While the launch of BITO has allowed traditional institutional investors an easy way into crypto and could promote speculative trading, some market analysts see the ETF as a new investment vehicle for hedging inflation, which has surged globally in recent months on loose monetary policy from the Fed, ongoing supply bottlenecks and recovering activity. This is predominately due to the lack of sensitivity of gold—the classic inflation hedge—to rising price pressures, which is causing investors to look for alternatives.
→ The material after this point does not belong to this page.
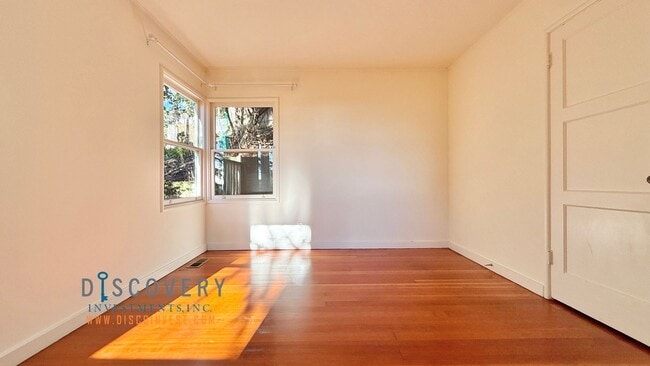 Building Photo - Mid-Century Montclair 3+ Bedroom with Filtered San Francisco Bay Views!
Moreover, Bitcoin is far from the only game in town: The coin’s dominance over the crypto market has fallen from 70% to 40% as of mid-October, as other crypto assets, including ‘stablecoins’ and CBDCs, gain popularity.
Looking ahead, our panel of analysts sees U.S. inflation overshooting the Fed’s 2.0% average inflation target until at least 2026. As such, concerns over inflation could continue to push more investors into crypto asset classes in the years ahead. Moreover, the Federal Reserve will hold its next monetary policy meeting in early November, and markets are anticipating a concrete timeline on QE tapering—a key decision that could alter the market’s views on the likely path of inflation. How BITO and other crypto assets react to the news will show to what extent they currently act as useful bellwethers of inflation expectations. That said, gold prices are seen remaining elevated in the years ahead, despite some safe-haven demand moving into cryptocurrencies.
Insights from Our Analyst Network
Commenting on the new ETF’s role in the market today, analysts at JPMorgan noted:
“In all, by itself the launch of BITO is unlikely to trigger a new phase of significantly more fresh capital entering bitcoin. Instead, we believe the perception of bitcoin as a better inflation hedge than gold is the main reason for the current upswing, triggering a shift away from gold ETFs into bitcoin funds since September. This flow shift remains intact supporting a bullish outlook for bitcoin into year-end.”
Reflecting on G7 policymakers and digital currencies more broadly further down the road, Teunis Brosens, digital finance and regulation economist at ING, said:
“While ‘stablecoins’ today are operating more or less in a regulatory vacuum, policymakers are actively working to change that. The European Commission has launched proposals for ‘stablecoin’ regulation as part of its Digital Finance package. Once in force, there is little that stands in the way of a euro-Diem launch from a regulatory perspective. While it remains unclear when EU policymakers will conclude negotiations and ‘stablecoin’ and other crypto-asset regulation can enter into force, it is very likely to be a few years before 2026, the currently foreseen earliest digital euro launch year.”